The next day, they're called back into the same boardroom. Valdano, René, Margarita, and Marin are lined up across from them once again, and Sergio shifts uncomfortably in his seat. Fernando stretches out languidly next to him. Margarita pulls a photograph out of her briefcase and sets it on the table.

"So what's the problem?" Fernando asks after studying the photo for a minute.

"It's a picture of you leaving Sergio's house," Margarita says. "At eight in the morning, wearing your club-issued suit from the previous matchday. It's not the most incriminating photo we've seen-" she wrinkles her nose "-but it will raise some concerns."

Before Fernando can reply, Valdano cuts in. "As we said in our previous meeting, both Clubs will stand behind you if you choose to let this become known."

The photo shows up in a gossip rag the next day, a Wednesday.
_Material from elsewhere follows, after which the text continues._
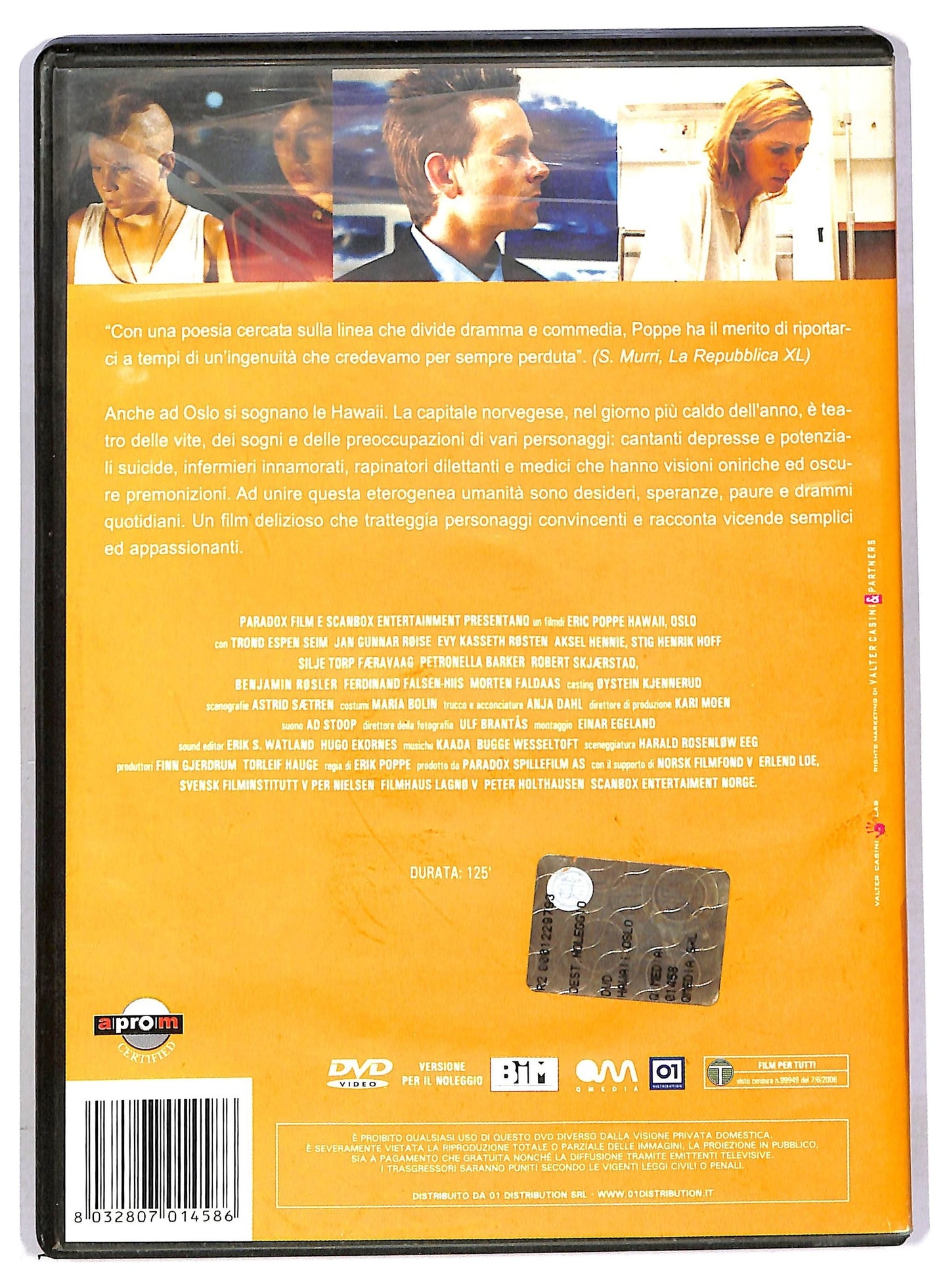 EBOND Hawaii,Oslo NOLEGGIO DVD D789553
Sergio doesn't bother to read the captions.

\---

 **Press Conference, Real Madrid CF. May 26, 2006.**

 **Pictures of Atletico Madrid striker Fernando Torres leaving your residence have led to popular speculation that the two of you are romantically involved. How do you respond to this?**

 _Sergio Ramos:_ I respond by saying that yes, this is true. We have been together for almost one year now.

 **Why have you chosen now to publicly come out?**

 _SR:_ What happened was that the pictures you mentioned before got to the press. I don't know how. To be honest I don't really care. But what happened was that we didn't want to lie, so we decided to tell the truth, instead.

 **Do you foresee this affecting your on-pitch relationship, both with your respective club teams and with the national team?**

 _SR:_ It has not mattered so far, no? We are both professionals and will continue to do our jobs as professionals. Personal relationships have no place on the pitch. In Madrid we are still rivals, in the national team, we are still teammates. It will stay that way.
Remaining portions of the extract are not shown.